Aim of the exercise :: I would like every line of the records below that contains the word "Black" copied.

Caption-style text data ::

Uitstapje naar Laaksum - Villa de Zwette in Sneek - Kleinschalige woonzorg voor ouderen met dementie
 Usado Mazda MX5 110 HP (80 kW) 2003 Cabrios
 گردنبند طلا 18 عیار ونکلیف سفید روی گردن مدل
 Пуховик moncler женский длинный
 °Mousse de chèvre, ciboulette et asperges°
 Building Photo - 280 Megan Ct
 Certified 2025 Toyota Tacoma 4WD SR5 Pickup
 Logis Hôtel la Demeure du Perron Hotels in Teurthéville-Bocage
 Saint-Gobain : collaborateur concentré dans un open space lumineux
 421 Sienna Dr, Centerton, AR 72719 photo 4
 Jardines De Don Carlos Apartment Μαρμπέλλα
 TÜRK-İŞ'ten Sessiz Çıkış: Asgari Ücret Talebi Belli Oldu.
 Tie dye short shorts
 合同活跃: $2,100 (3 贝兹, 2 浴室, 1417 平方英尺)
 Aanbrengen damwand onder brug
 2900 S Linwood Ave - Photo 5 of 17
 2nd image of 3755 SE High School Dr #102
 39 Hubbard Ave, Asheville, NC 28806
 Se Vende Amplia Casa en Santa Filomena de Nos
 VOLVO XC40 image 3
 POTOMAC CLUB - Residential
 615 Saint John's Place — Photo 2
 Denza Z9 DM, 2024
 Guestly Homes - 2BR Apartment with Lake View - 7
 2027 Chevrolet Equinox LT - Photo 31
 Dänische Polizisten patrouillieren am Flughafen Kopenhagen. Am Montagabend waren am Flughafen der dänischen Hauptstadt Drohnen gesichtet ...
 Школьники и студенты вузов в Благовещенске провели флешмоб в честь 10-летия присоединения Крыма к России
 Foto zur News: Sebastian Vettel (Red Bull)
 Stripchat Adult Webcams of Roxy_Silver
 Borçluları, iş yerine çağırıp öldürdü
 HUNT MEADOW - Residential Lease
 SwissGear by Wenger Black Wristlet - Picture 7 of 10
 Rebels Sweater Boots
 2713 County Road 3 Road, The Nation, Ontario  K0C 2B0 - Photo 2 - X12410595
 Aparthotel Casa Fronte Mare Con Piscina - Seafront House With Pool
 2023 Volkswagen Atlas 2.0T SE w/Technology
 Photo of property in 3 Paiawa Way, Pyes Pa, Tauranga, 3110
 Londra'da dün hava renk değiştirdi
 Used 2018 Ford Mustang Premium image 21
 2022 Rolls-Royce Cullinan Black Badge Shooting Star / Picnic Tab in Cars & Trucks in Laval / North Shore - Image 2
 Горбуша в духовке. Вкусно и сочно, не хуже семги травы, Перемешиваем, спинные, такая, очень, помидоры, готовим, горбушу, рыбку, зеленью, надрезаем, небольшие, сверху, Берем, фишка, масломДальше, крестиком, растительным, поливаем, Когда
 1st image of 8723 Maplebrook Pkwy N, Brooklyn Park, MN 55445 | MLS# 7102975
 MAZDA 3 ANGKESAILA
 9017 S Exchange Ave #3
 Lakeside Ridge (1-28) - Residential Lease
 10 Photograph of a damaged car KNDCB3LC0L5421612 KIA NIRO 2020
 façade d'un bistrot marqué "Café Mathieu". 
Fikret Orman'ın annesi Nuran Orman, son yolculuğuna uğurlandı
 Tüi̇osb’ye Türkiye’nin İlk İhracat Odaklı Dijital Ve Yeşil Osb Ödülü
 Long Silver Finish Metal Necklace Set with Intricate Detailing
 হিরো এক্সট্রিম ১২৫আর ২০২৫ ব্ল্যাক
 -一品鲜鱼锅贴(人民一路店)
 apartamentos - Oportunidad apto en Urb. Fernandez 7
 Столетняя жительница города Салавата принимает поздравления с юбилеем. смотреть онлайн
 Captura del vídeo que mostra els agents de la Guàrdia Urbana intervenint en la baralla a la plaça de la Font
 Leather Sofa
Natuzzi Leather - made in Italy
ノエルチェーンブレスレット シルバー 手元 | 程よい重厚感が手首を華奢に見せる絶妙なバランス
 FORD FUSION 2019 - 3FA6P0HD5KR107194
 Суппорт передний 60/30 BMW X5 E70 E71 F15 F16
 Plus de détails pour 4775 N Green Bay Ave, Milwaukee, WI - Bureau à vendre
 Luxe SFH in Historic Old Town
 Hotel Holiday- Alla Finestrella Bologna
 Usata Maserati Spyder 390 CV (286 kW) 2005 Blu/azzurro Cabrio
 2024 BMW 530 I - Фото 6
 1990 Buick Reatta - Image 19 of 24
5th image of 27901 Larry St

Written solution ::
 SwissGear by Wenger Black Wristlet - Picture 7 of 10
 2022 Rolls-Royce Cullinan Black Badge Shooting Star / Picnic Tab in Cars & Trucks in Laval / North Shore - Image 2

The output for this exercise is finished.